What the task requires >> Line by line, retype the material exactly and leave each picture out.

Collected material >>
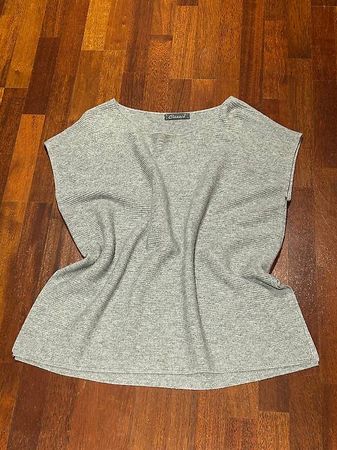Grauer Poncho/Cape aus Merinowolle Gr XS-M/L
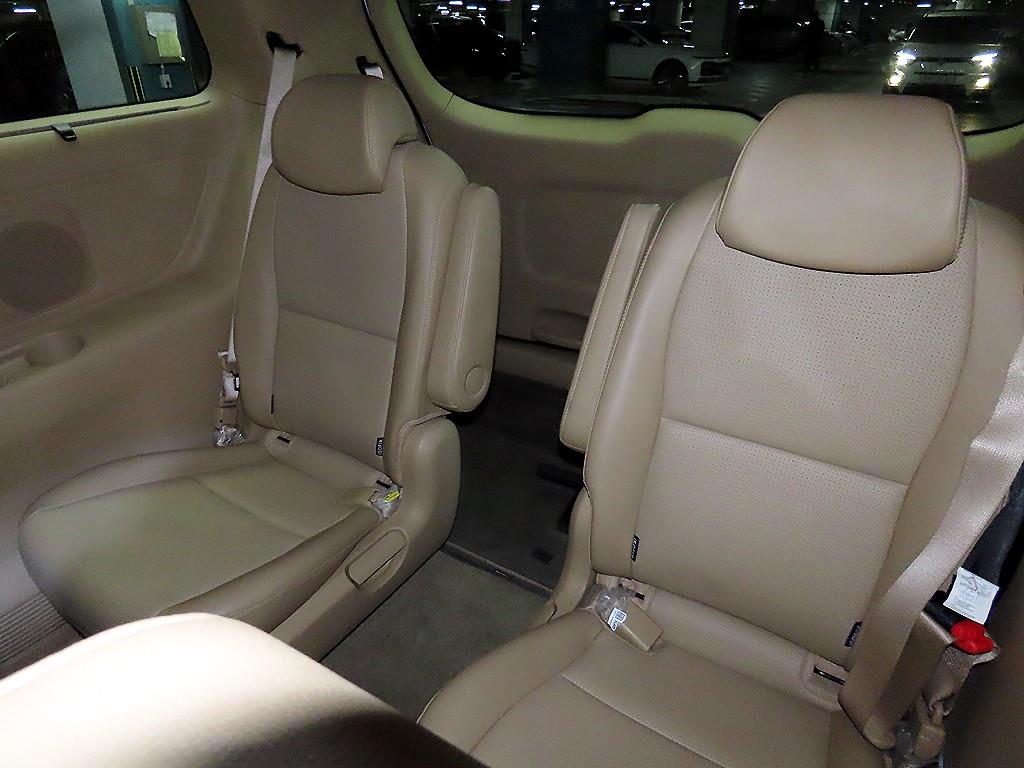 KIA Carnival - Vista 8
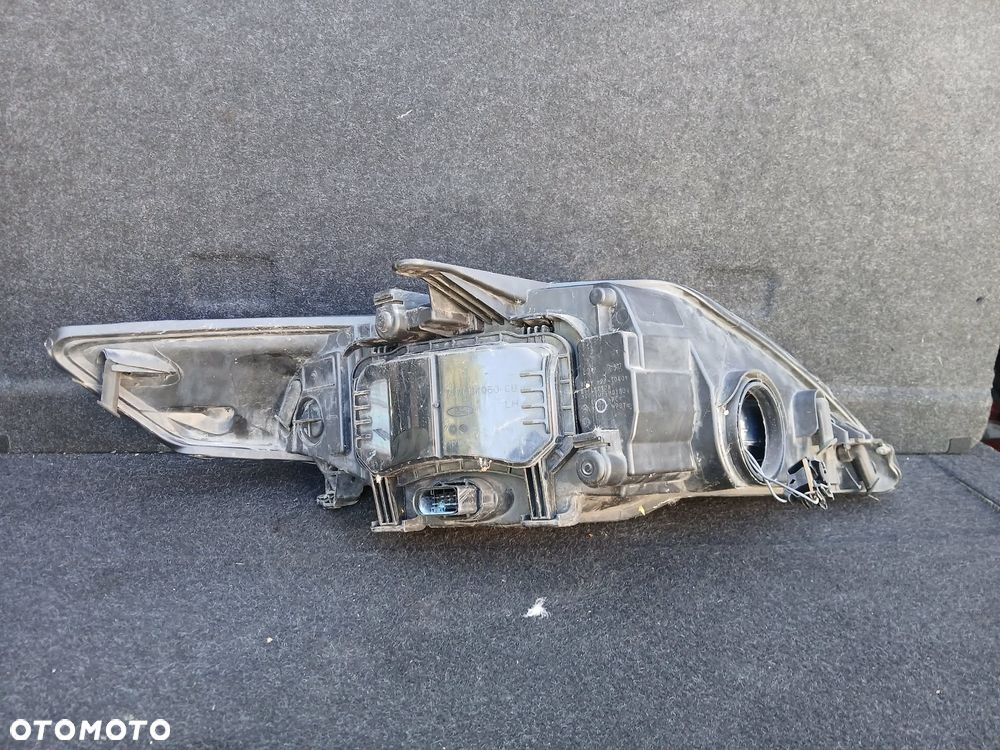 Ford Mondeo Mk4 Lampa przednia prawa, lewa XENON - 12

Answer for the task >>
Grauer Poncho/Cape aus Merinowolle Gr XS-M/L
 KIA Carnival - Vista 8
 Ford Mondeo Mk4 Lampa przednia prawa, lewa XENON - 12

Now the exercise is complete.